In the 1950s, an academic theory about filmmaking began to circulate, and it would come to define generations of directors. The idea was that a film is driven by a single person – the director – in the same way a novel is driven by its author. When you see a film and know exactly who helmed it even though you haven’t seen the credits, chances are, you’re watching a movie made by a director who is described as an auteur. Over the years, people who have earned this moniker include the likes of Alfred Hitchcock, Martin Scorsese, Christopher Nolan, and Wes Anderson. One director who would prefer not to be singled out that way, however, is Peter Jackson.
The New Zealand director is best known for bringing Middle Earth to the silver screen in his Oscar-winning adaptation of J.R.R. Tolkien’s The Lord of the Rings trilogy, but his credits stretch far beyond the realm of hobbits and orcs. He made a name for himself internationally with the chilling 1994 drama Heavenly Creatures, which starred Kate Winslet and Melanie Lynskey as real-life teenage friends who committed murder.

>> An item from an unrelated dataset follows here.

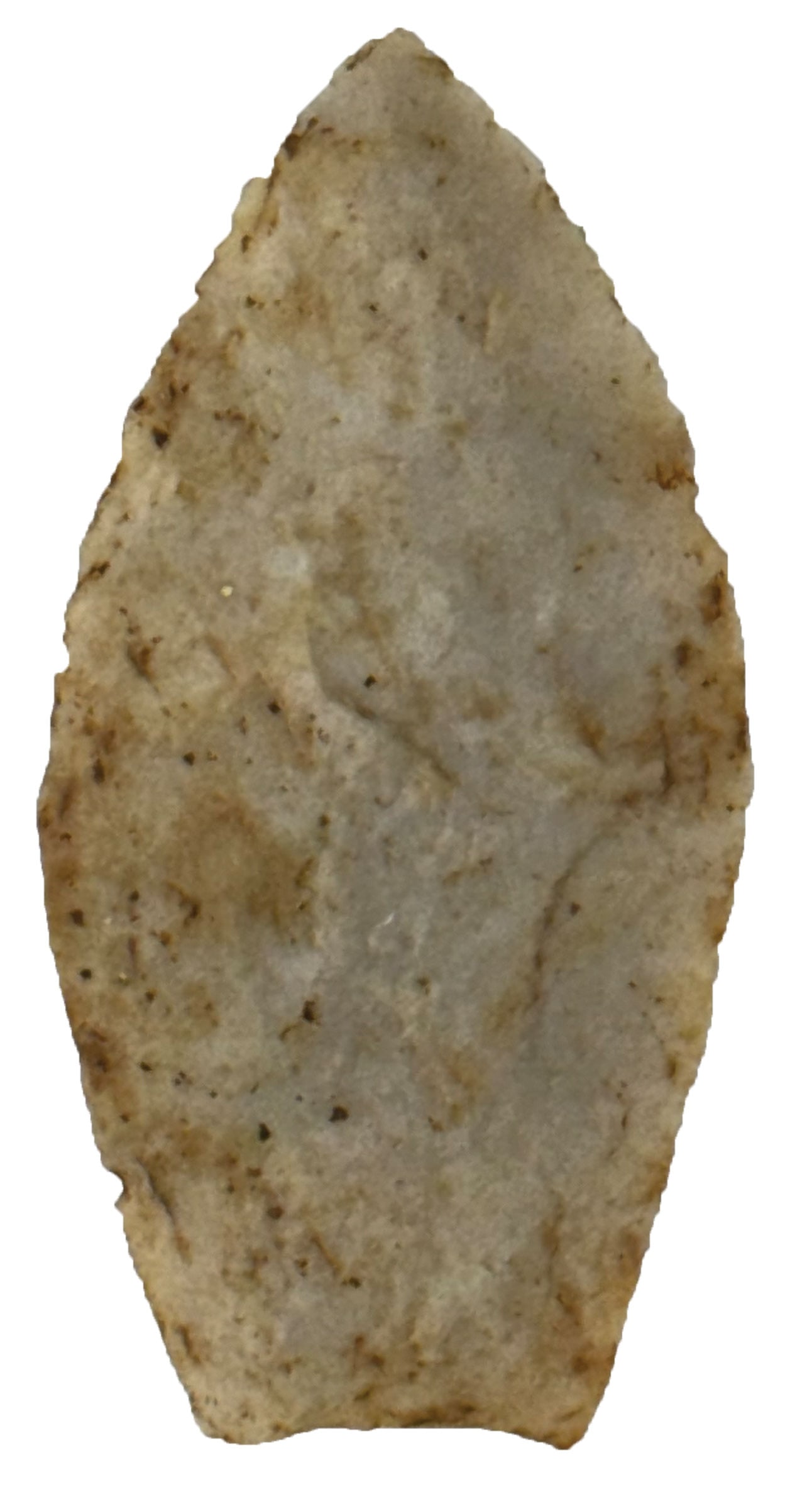 2 1/4" Notcha. Burlington Chert. Illinois. Ex William Sidell and Dean Mesnard. Granger COA. (1 of 3)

Even before that film, however, Jackson was demonstrating his considerable range, making low-budget slasher horror movies and a macabre musical satire featuring puppets.

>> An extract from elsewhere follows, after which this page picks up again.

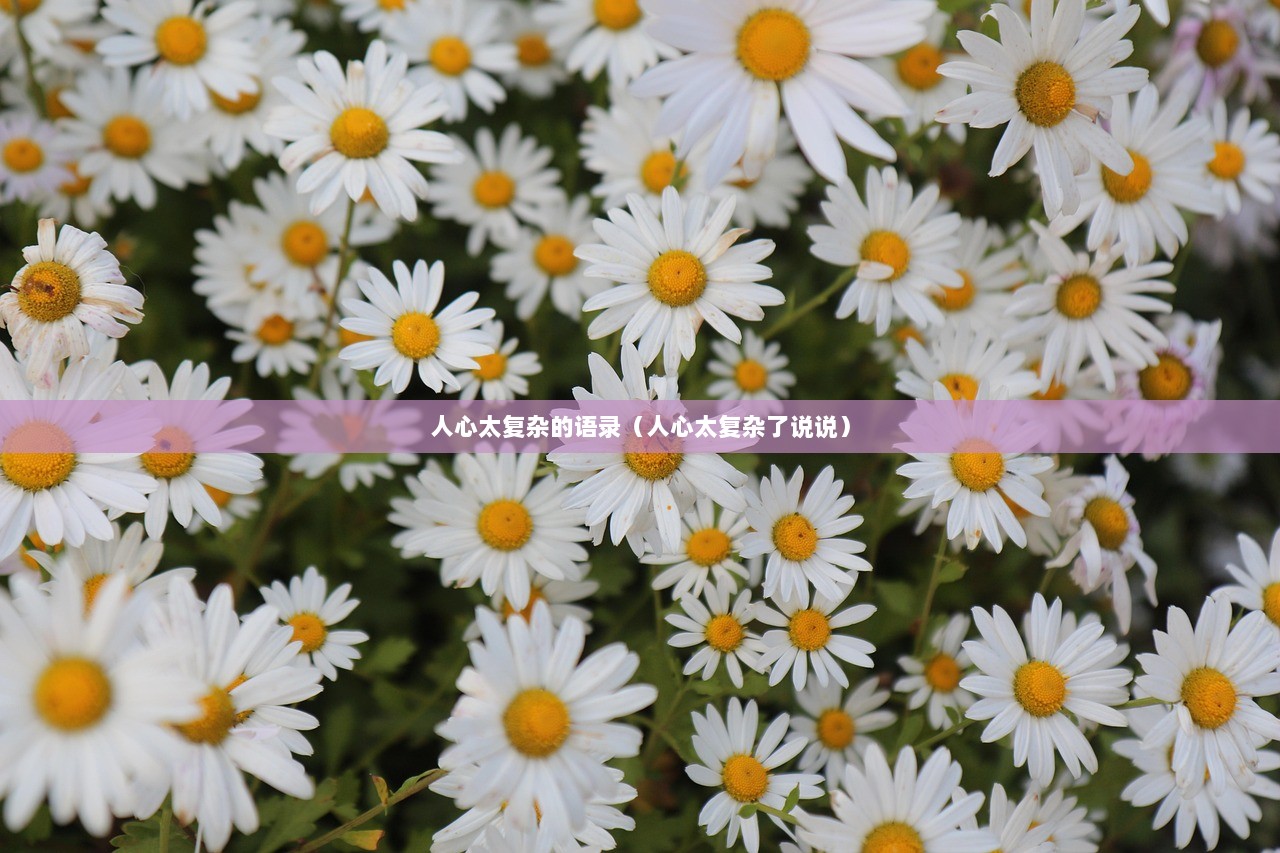 人心太复杂的语录（人心太复杂了说说）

When Jackson landed the opportunity to adapt the Lord of the Rings novels in the late 1990s, his legacy as a fantasy director was set. However, after the original trilogy and a Hobbit trilogy, he has managed to break out of the mould by making several acclaimed documentaries, including a stunning restoration of World War I footage in They Shall Not Grow Old and an extensive chronicle of the making of the Beatles’ final album, Let It Be.
Despite having won three Academy Awards, three Baftas, and a Golden Globe, Jackson is adamant that he should not be viewed as the sole author of his films. “I don’t quite know what an auteur is,” he told an interviewer in 2005 during a press tour for King Kong. “I never quite understand that term because filmmaking is such a huge team effort. I regard myself as being the final filter, so that anything that ends up in the movie is there because it’s something that I would think was cool in a movie somebody else had made. I very much tried to make a film that I’d enjoy, but I’m open to ideas. I need a huge team of people to help me and I try to encourage everyone to contribute as much as possible. I think that’s the job of a director, really, to sort of funnel all the creativity into one centralised point of being.”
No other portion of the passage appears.